Monday, August 30, 2010

Hard Day Today

My problems are so much less significant than about 6 million other people (that's an underestimate I'm guessing), but still, today is rough.


I'm sick of not seeing my boyfriend. I hate sleeping alone. I'm tired of never having the same hours to sleep every night. I'm tired of having to watch every single penny I spend. I'm sick of not finding a job that fits my qualifications. I'm tired of being unhappy with my body. I miss my family and friends. I'm tired of constantly cleaning just to keep myself occupied. I'm sick of being scared about finding a real job. I'm tired of not having enough money to fix my car. I'm tired of killing ants in our fucking apartment. I'm tired of having to be the optimistic one in the relationship (I know, oh how contradictory I am being right now).

I'm tired of seeing tits on T.V., on the internet, in movies, on the street, and etc. Seriously girls, why be such skanks? Food for thought: most guys want to look at/fuck/get a lap dance with the stripper--but guess how many actually wants to date them. I'm going to go with about 5% of guys. Maybe I'm just old-fashioned.

Another thing (since I seem to just be ranting, rambling, and raving today), I truly believe that going to a strip club is cheating. Seriously, think about it. In what other circumstance is it ok for a girl/guy to be naked and shake their shit around for you? If it was in your living room with just the two people wouldn't that be cheating? Why does going to a strip club make it ok? Or going to a wet t-shirt contest? It's the same concept. Unless you are the kind of person that has an open relationship (aka swingers), then going to a strip club would constitute as cheating.

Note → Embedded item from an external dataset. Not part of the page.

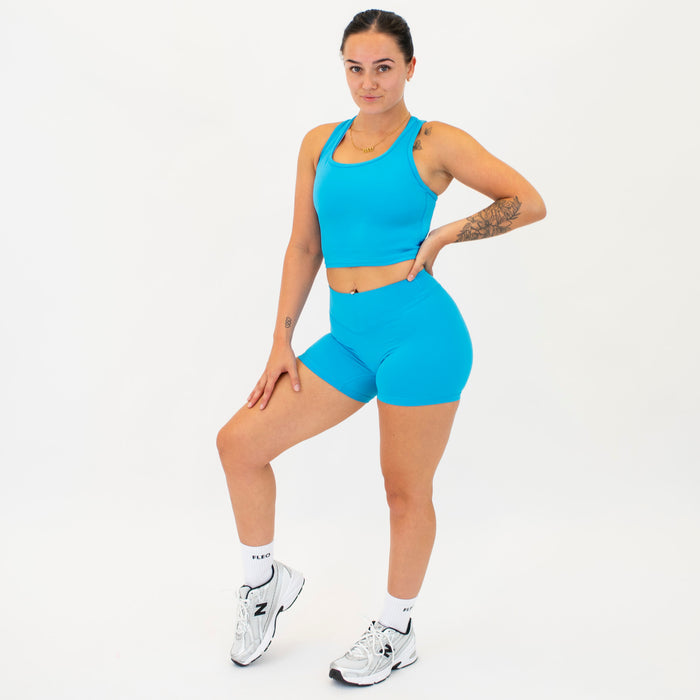 Hawaiian Ocean Racerback Crop Tank - Fitted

I know that I've become a lot more uptight with my growing years, but I think it's mainly because I'm not so naive anymore. It's soooo easy for people to get caught up in tempting things and situations that would really hurt themselves or their partner or both. Why tempt yourself? Why make it even harder? In a world with so many options and choices, sometimes the best thing to do is limit your options and practice self-control.

I'm a huge believer in monogamy and I only want to get married once. I'm going to do everything I can to make sure that my forever relationship is smooth and amazing and most of all, lasting. Ok. Done ranting.